If you want to use linux perf together with chrome to profile applications in the browser you need to follow these steps:
- Launch Chrome from the commandline with the needed V8 flags
- Use Linux perf on the active render process of Chrome, which can be found in Chrome's task manager (accessible by pressing 'Shift + Esc')

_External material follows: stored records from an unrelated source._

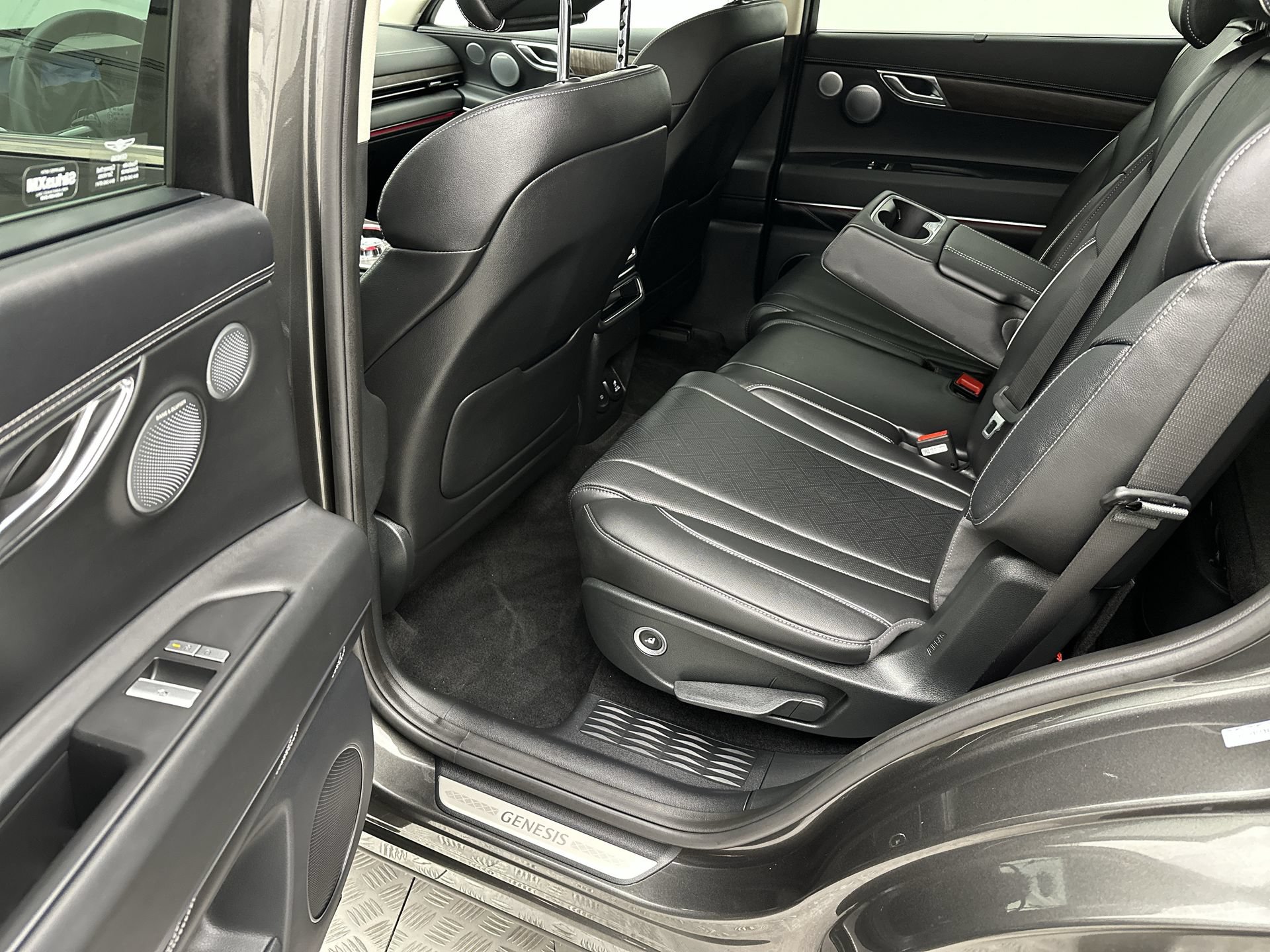 Certified 2026 Genesis GV80 2.5T Advanced AWD/4WD image 23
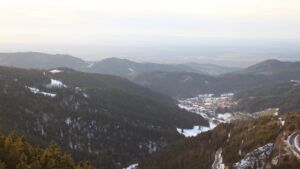 Dieses Bild zeigt eine Webcam-Aufnahme vom Achertal, aufgenommen am Dienstag, den 13.01.2026 um 16:20 Uhr. Die Temperatur betrug 7.1°C.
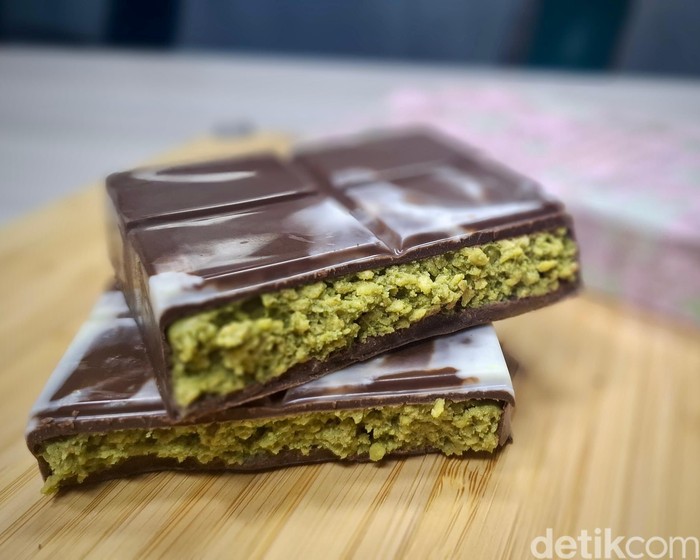 **4 Makanan Viral yang Bikin Lidahmu Bertekuk Lutut**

- Navigate to the website you want to profile
- Once the execution on the website is complete, close the browser
- Combine the gathered data from Linux perf with the performance samples of V8 using
perf inject
Make sure to run these steps in a new folder since proflining in Chrome will generate lots of files.
chromium \
--user-data-dir=`mktemp -d` \
--no-sandbox --incognito --enable-benchmarking \
--js-flags='--perf-prof --no-write-protect-code-memory --interpreted-frames-native-stack'
--user-data-dir="mktemp -d"
Is used to create a fresh profile, use this to avoid caches and potential side-effects from
installed extensions (optional)
--no-sandbox
Turns off the renderer sandbox so chrome can write to the log file
--incognito
Is used to further prevent pollution of your results (optional)
--enable-benchmarking
Enables the benchmarking extensions
--js-flags
We use this flag to pass flags to V8
--perf-prof
Enable linux profiler in V8
--no-write-protect-code-memory
This is necessary because perf discards information about code pages when it sees the event
corresponding to removing the write bit from the code page
--interpreted-frames-native-stack
Is used to create different entry points for interpreted functions so they can be distinguished by
perf based on the address alone.
perf record --call-graph=fp --freq=max --clockid=mono -p RENDER_PID
--call-graph=fp
Enables call-graph recording, for both kernel space and user space.
Valid options are "fp" (frame pointer), "dwarf" (DWARF's CFI - Call Frame Information)
or "lbr" (Hardware Last Branch Record facility). In order to get a proper call-graph in chrome
the "fp" option is needed.
--freq=max
Profile at this frequency. Use max to use the currently maximum allowed frequency.
--clockid=mono
Sets the clock id to use for the various time fields in the perf_event_type record.
This is necessary since VMs like node/v8 use a mono clock unlike linux perf.
-p
Record events on existing process ID, in this chase chrome's render pid. You can get through chromes
task manager.
perf inject --jit --input=perf.data --output=perf.data.jitted
--jit
Process jitdump files by injecting the mmap records corresponding to jitted functions. This option
also generates the ELF images for each jitted function found in the jitdumps files captured in the
input perf.data file. Use this option if you are monitoring environment using JIT runtimes, such
as Java, DART or V8.
-i, --input=
Input file name. (default: stdin)
-o, --output=
Output file name. (default: stdout)